With many a tug and pull and hearty heave-ho, the Turtle was hoisted up the bank and safely drawn into the seine-house. The door was locked, and Lady Fenwick’s tomb gave forth no sound that night.

Doctor Franklin went his way to Boston. Doctor Gale returned to Killingworth and his waiting patients, and the Bushnells, father, mother and sons, having put the two gentlemen on the Saybrook shore, went down the river into the Sound, along its edge, and up the small Pochaug to their own home by the sycamore tree.

Mr. Bushnell and Ezra did the rowing that night. David’s white hands had, somehow, a new radiance in them for his father’s eyes, and did not seem exactly fitted for rowing just a common boat and every-day oars.

The young man sat in the stern, beside his mother, one arm around her waist, and the other 94 clasped closely between her little palms, while, now and then, her finding eyes would penetrate his consciousness with a glance that seemed to say, “I always believed in you, David.”


If you go to-day and stand upon the site of the old fort, built at the mouth of the Connecticut River, in the year 1635, by Lion Gardiner, once engineer in the service of the Prince of Orange, and search the waters up and down for the island on which David Bushnell built the American Turtle in 1775, you will not find it.

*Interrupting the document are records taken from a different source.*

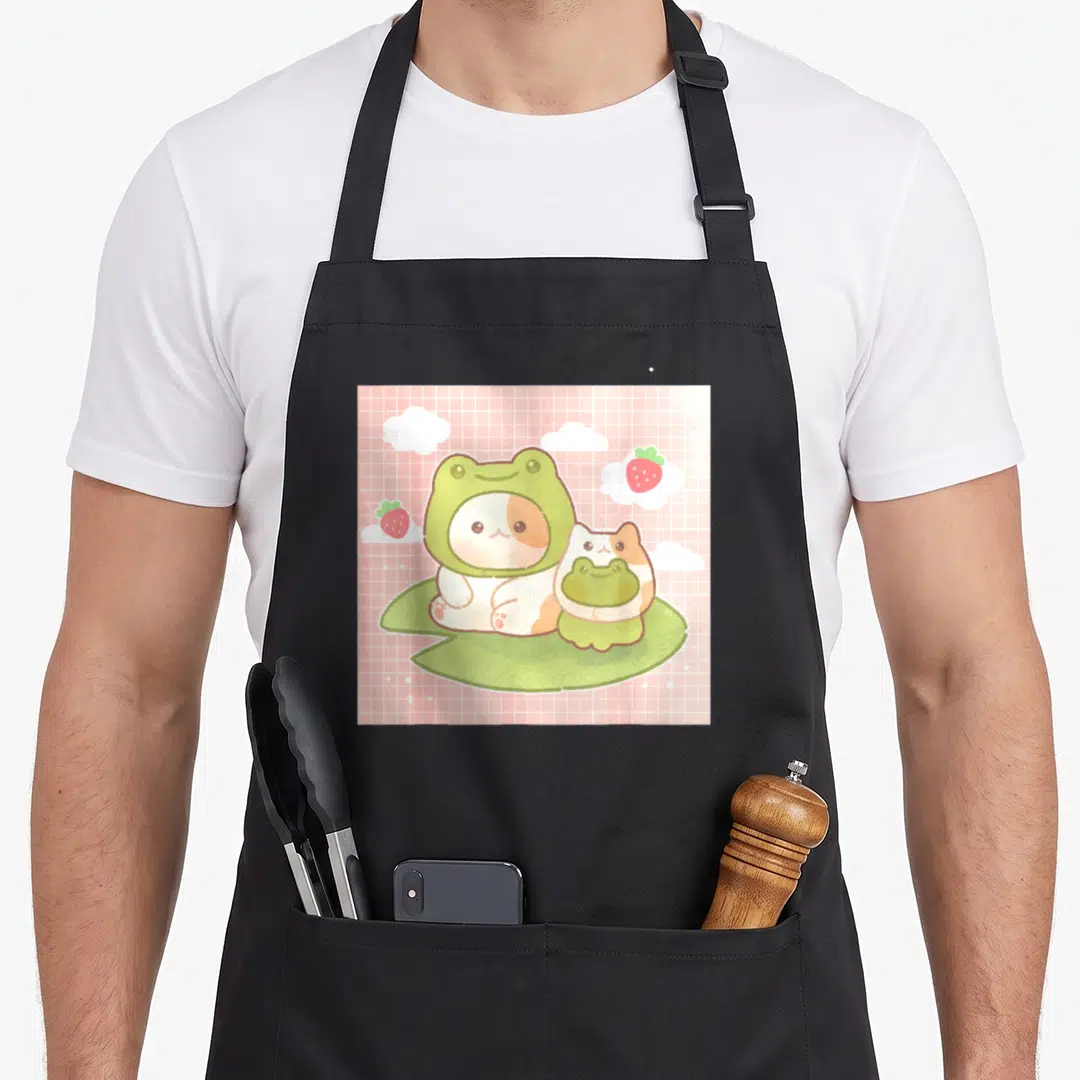 90s cottagecore apron - Two cartoon cats in green frog hats on a lily pad with strawberries on a pink grid — shown on a black cotton canvas apron against a white background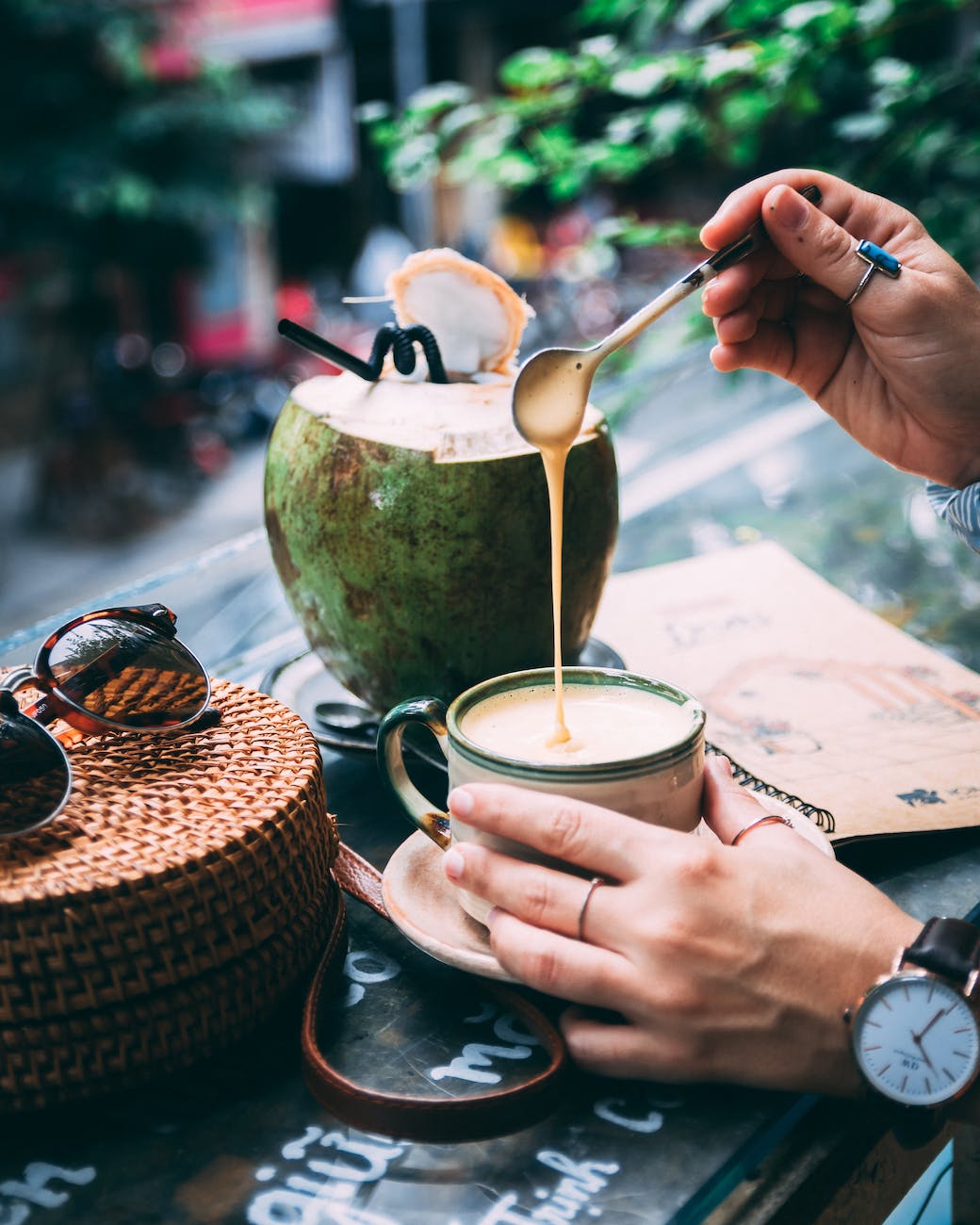 person holding silver spoon and gold cup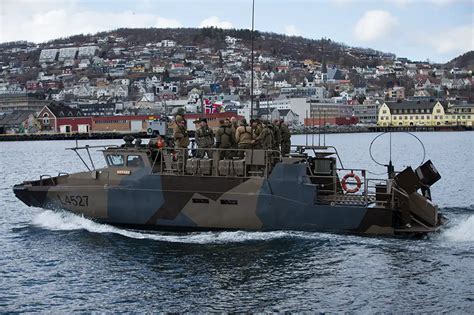 A CB90-class fast assault craft conducting a military drill.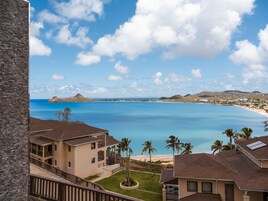 Vista costera con playa, cielo despejado y edificios con balcones que dan al mar.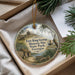 A decorative ornament with a painting of Fort King George Historic Site in Georgia, featuring a house, a boat, and a forest.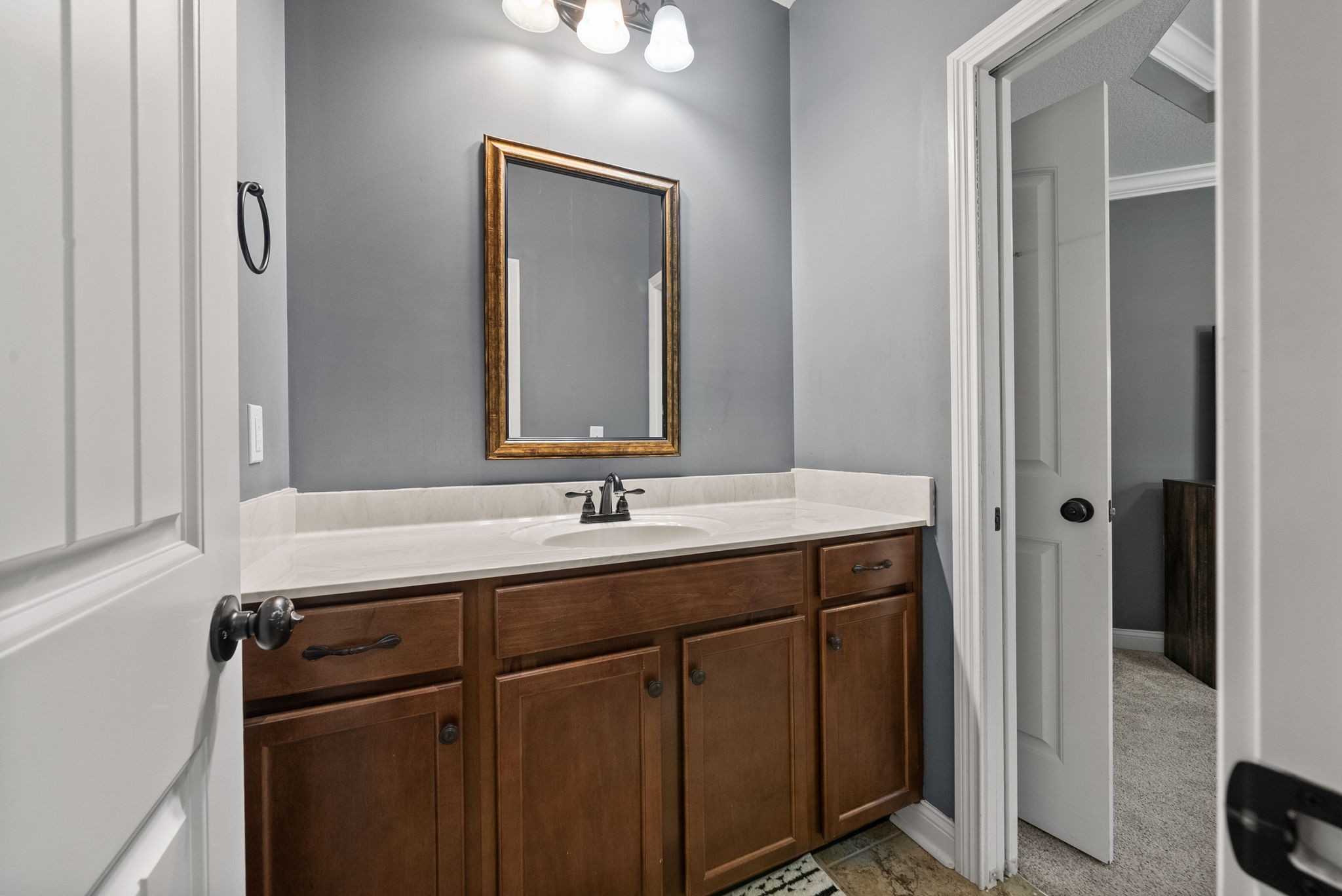 2976 Rossview Road Clarksville, TN 37043 - Photo 36 of 54 a bathroom with a double vanity sink and mirror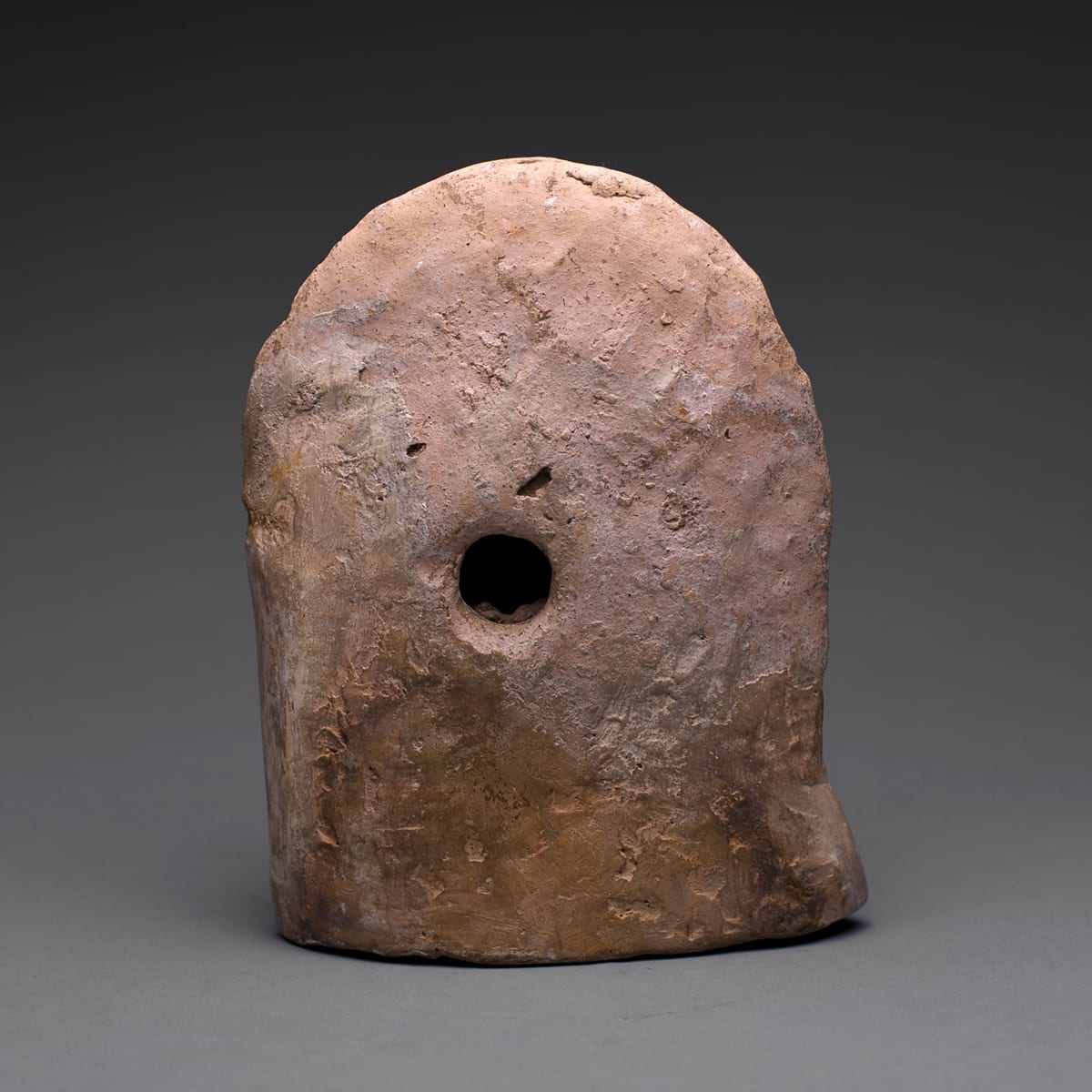 An Etruscan Terracotta Votive Head of a Youthful Man, 4th Century BC to 3rd Century BC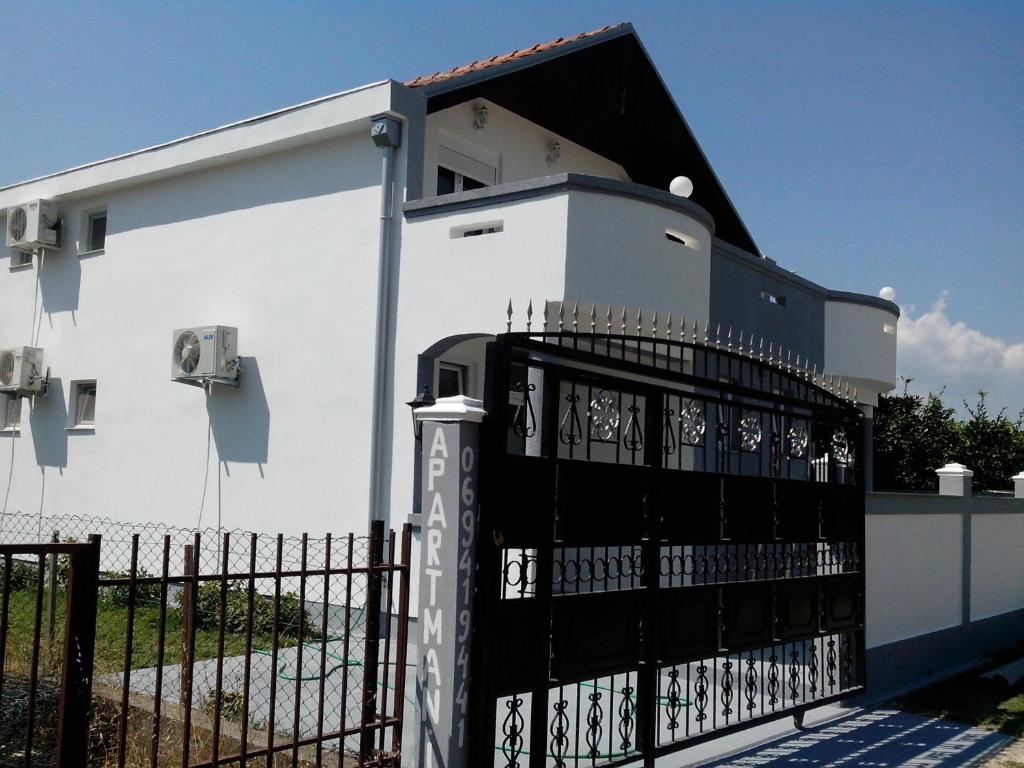 a white building with a black gate in front of it at Studios Velika Plaža in Ulcinj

If you seek the oldest inhabitant of Saybrook, and ask him to point out its locality, he will say, with boyhood’s fondness for olden play-grounds in his tone:

“Ah, yes! It is Poverty Island that you mean. It used to be there, but spring freshets and beating storms have washed it away.”

The unexpected visit of Dr. Benjamin Franklin, to see the machine David Bushnell was building, gave new force to that young gentleman’s confidence in his own powers of invention.

He worked with increased energy and hope to perfect boat and magazine, that he might do good service with them before winter should fall on the waters of the Massachusetts Bay, where the hostile ships were lying.